In his home life Mr. Crane finds the enjoyment which constitutes an even balance to his various business cares and responsibilities. He was married August 31, 1876, at Ottawa, Kansas, to Miss Margaret Wright, of that place, and they now have two sons and a daughter: Earl B. and Frank G., who are identified with their father in business; and Marguerite, the wife of John G. MacDonnell, of Boston, Massachusetts. Mrs. Crane was a daughter of William and Rose (McKittrick) Wright, of Ottawa, Kansas. Mr. and Mrs. Crane now reside at No. 817 South Adams street, where he built a pleasant residence about four years ago. They are prominent members of the Christian Science church in which Mr. Crane has served as a trustee for several years. He belongs to the Masonic fraternity and in Oriental Consistory, No. 2, S. P. R. S., he has attained the thirty-second degree.
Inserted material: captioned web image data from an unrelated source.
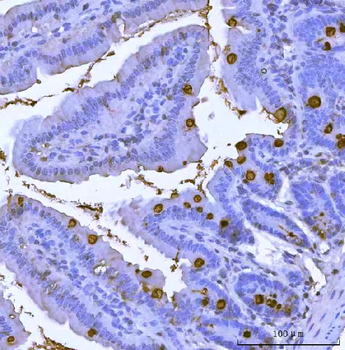 Anti-TFF3 Antibody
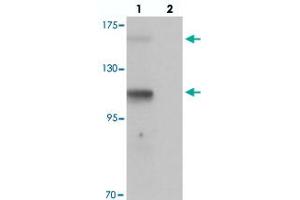 Western blot analysis of RUSC2 in SK-N-SH cell lysate with RUSC2 polyclonal antibody  at 1 ug/mL in (lane 1) the absence and (lane 2) the presence of blocking peptide. (RUSC2 抗体  (N-Term))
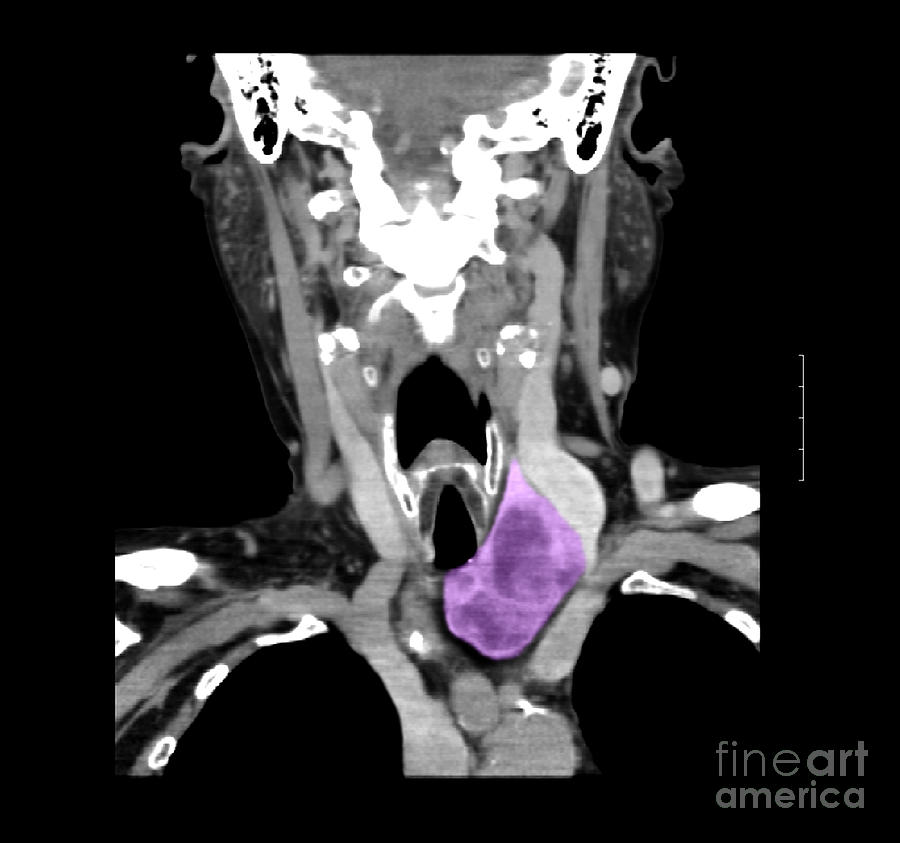 Ct Of Neck Showing Thyroid Goiter #1 Photograph by Medical Body Scans ...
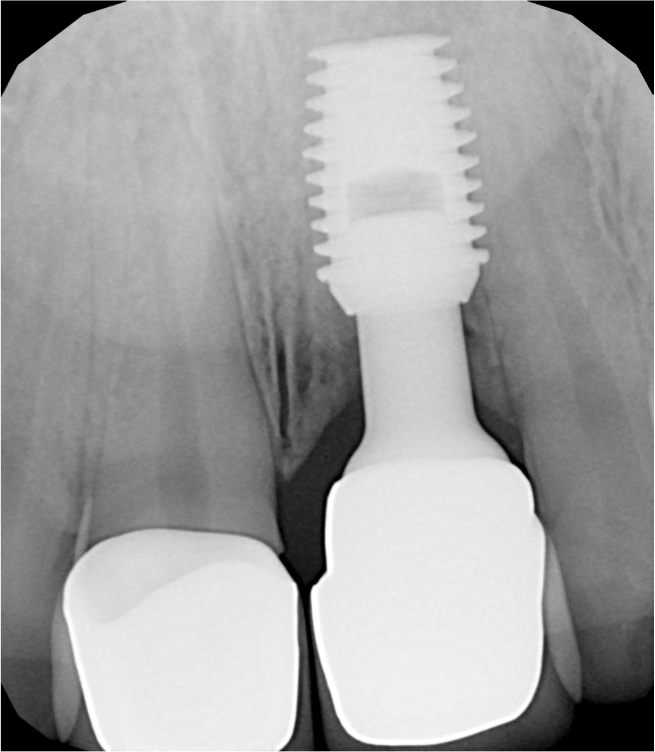 Dental Implant Center Roma impianto su incisivo superiore fratturato Dental Implant Center Roma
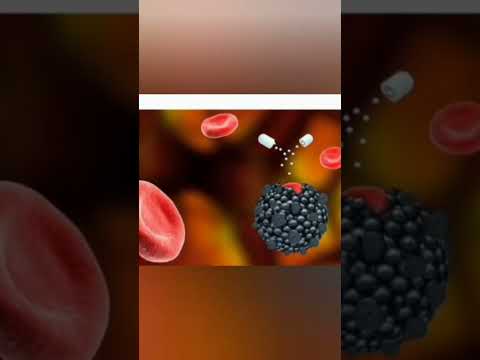 ما خطورة ارتفاع مخزون الحديد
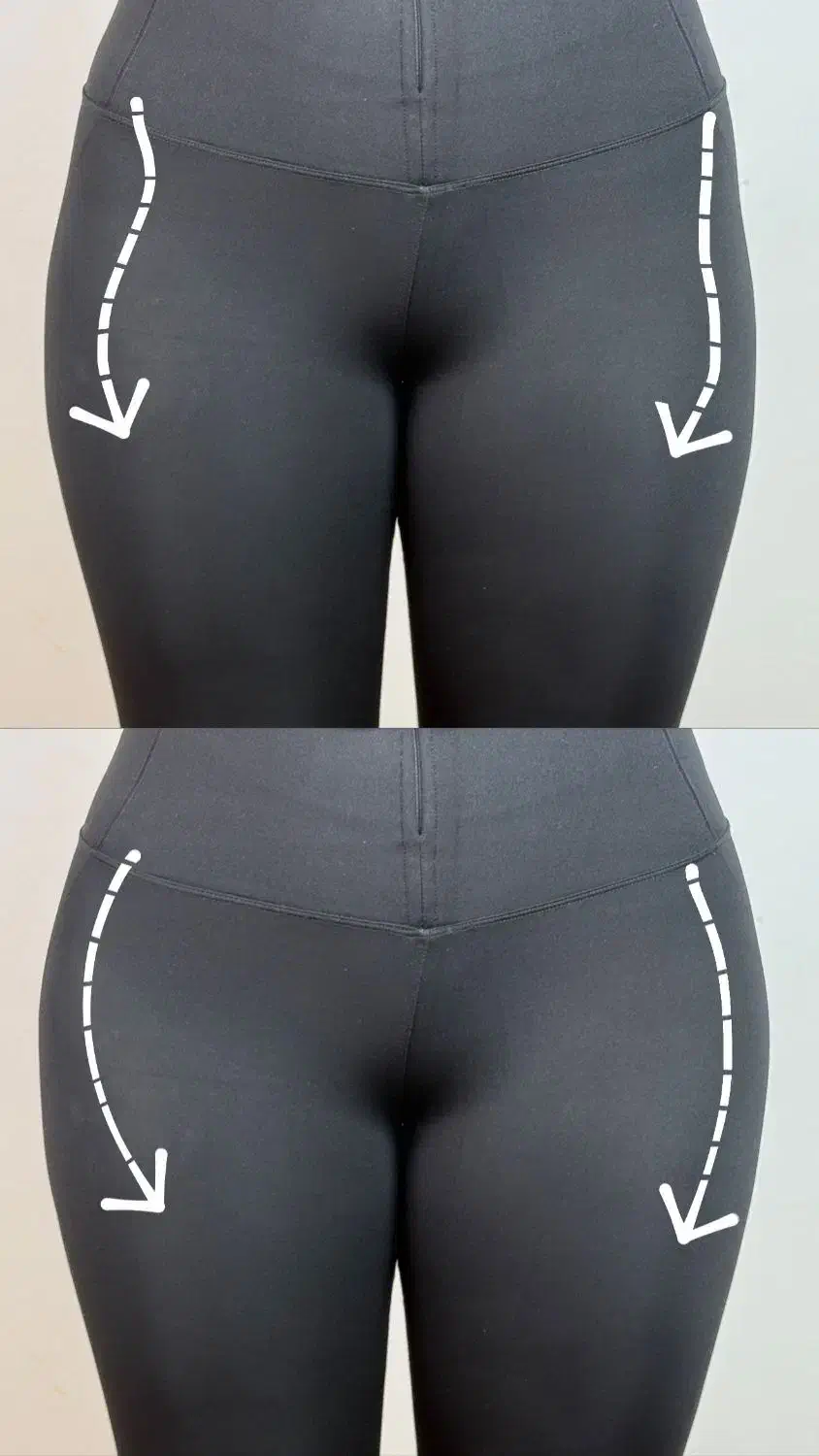 فیلربادی با تخفیف ۵۰٪در کلینیک مهرزاد|خدمات آرایشگری و زیبایی|تهران, جردن|دیوار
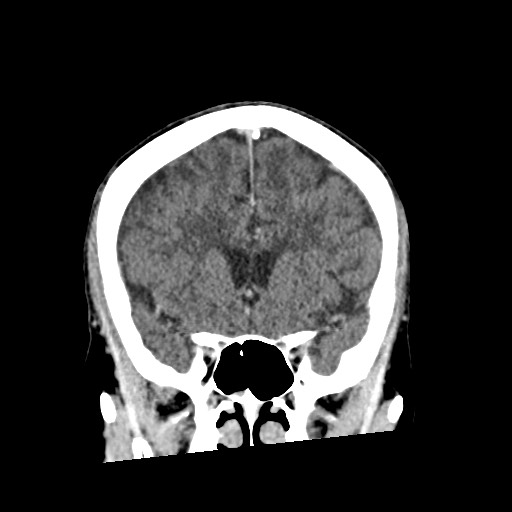 Cerebral amyloid angiopathy-related inflammation (Radiopaedia 74836-85848 Coronal non-contrast 26).jpg
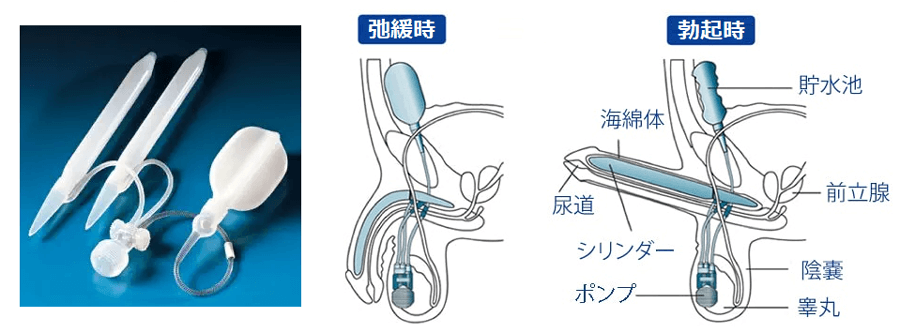 TENGA】オナホで早漏は改善できる。早漏改善に役立つオナホ3選｜あんしん通販コラム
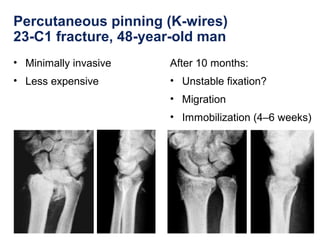 Percutaneous pinning (K-wires)
23-C1 fracture, 48-year-old man
• Minimally invasive
• Less expensive
After 10 months:
• Unstable fixation?
• Migration
• Immobilization (4–6 weeks)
He has also been more or less active in politics, recognizing the duties and obligations as well as the privileges of citizenship. His views accord with the principles of the republican party and in 1884 he was elected upon that ticket to the city council. Through the succeeding years he was a member of the Spokane school board and in 1907-08 represented his district in the state legislature. He is a statesman with an eye to practical results and not glittering generalities. His party fealty is not grounded on personal prejudice. He is thoroughly familiar with the great issues which divide the two parties that have roots extending down to the very bedrock foundation of the republic. He has also studied the lessons of life and has arrived at his own conclusions, the result of which may be called his post-graduate studies in the school of affairs. Such men, either in office or out, are the natural leaders of whichever party they may be identified with, especially in that movement toward better politics which is common to both parties and which constitutes the most hopeful political sign of the period.